I have trained a Siamese neural network that uses triplet loss. It was a pain, but I think I managed to do it. However, I am struggling to understand how to make evaluations with this model.
The SNN:
def triplet_loss(y_true, y_pred):
margin = K.constant(1)
return K.mean(K.maximum(K.constant(0), K.square(y_pred[:,0]) - 0.5*(K.square(y_pred[:,1])+K.square(y_pred[:,2])) + margin))
def euclidean_distance(vects):
x, y = vects
return K.sqrt(K.maximum(K.sum(K.square(x - y), axis=1, keepdims=True), K.epsilon()))
anchor_input = Input((max_len, ), name='anchor_input')
positive_input = Input((max_len, ), name='positive_input')
negative_input = Input((max_len, ), name='negative_input')
Shared_DNN = create_base_network(embedding_dim = EMBEDDING_DIM, max_len=MAX_LEN, embed_matrix=embed_matrix)
encoded_anchor = Shared_DNN(anchor_input)
encoded_positive = Shared_DNN(positive_input)
encoded_negative = Shared_DNN(negative_input)
positive_dist = Lambda(euclidean_distance, name='pos_dist')([encoded_anchor, encoded_positive])
negative_dist = Lambda(euclidean_distance, name='neg_dist')([encoded_anchor, encoded_negative])
tertiary_dist = Lambda(euclidean_distance, name='ter_dist')([encoded_positive, encoded_negative])
stacked_dists = Lambda(lambda vects: K.stack(vects, axis=1), name='stacked_dists')([positive_dist, negative_dist, tertiary_dist])
model = Model([anchor_input, positive_input, negative_input], stacked_dists, name='triple_siamese')
model.compile(loss=triplet_loss, optimizer=adam_optim, metrics=[accuracy])
history = model.fit([Anchor,Positive,Negative],y=Y_dummy,validation_data=([Anchor_test,Positive_test,Negative_test],Y_dummy2), batch_size=128, epochs=25)
I understand that once a model is trained with triplets, the evaluation shouldn't actually require that triplets be used. However, how do I finagle this reshaping?
Because this is a SNN, I would want to feed two inputs into model.evaluate
, along with a categorical variable denoting if the two inputs are similar or not (1 = similar, 0 = not similar)
.
So basically, I want model.evaluate(input1, input2, y_label)
. But I am not sure how to get this with the model that I trained.
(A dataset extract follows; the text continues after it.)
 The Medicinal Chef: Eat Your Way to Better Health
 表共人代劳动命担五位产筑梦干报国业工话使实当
As shown above, I trained with three inputs: model.fit([Anchor,Positive,Negative],y=Y_dummy ... )
.
I know I should save the weights of my trained model, but I just don't know what model to load the weights onto.
Your help is greatly appreciated!
EDIT:
I am aware of the below approach for prediction, but I am not looking for prediction, I am looking to use model.evaluate
as I want to get some final measure of loss/accuracy for the model. Also this approach only feeds the anchor into the model (wheras I'm interested in text similarity, so would want to feed in 2 inputs)
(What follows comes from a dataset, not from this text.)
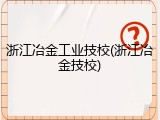 浙江冶金工业技校(浙江冶金技校)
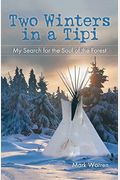 Two Winters In A Tipi: My Search For The Soul Of The Forest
eval_model = Model(inputs=anchor_input, outputs=encoded_anchor)
eval_model.load_weights('weights.hdf5')
Considering that eval_model
is trained to produce embeddings, I think that should be good to evaluate the similarity between two embeddings using cosine similarity.
Following the TF documentation, the cosine similarity is a number between -1 and 1. When it is a negative number closer to -1, it indicates greater similarity. When it is a positive number closer to 1, it indicates greater dissimilarity.
We can simply calculate the cosine similarity between Positive and Negative inputs for all the samples at disposal. When the cosine similarity is < 0 we can say that the two inputs are similar (1 = similar, 0 = not similar)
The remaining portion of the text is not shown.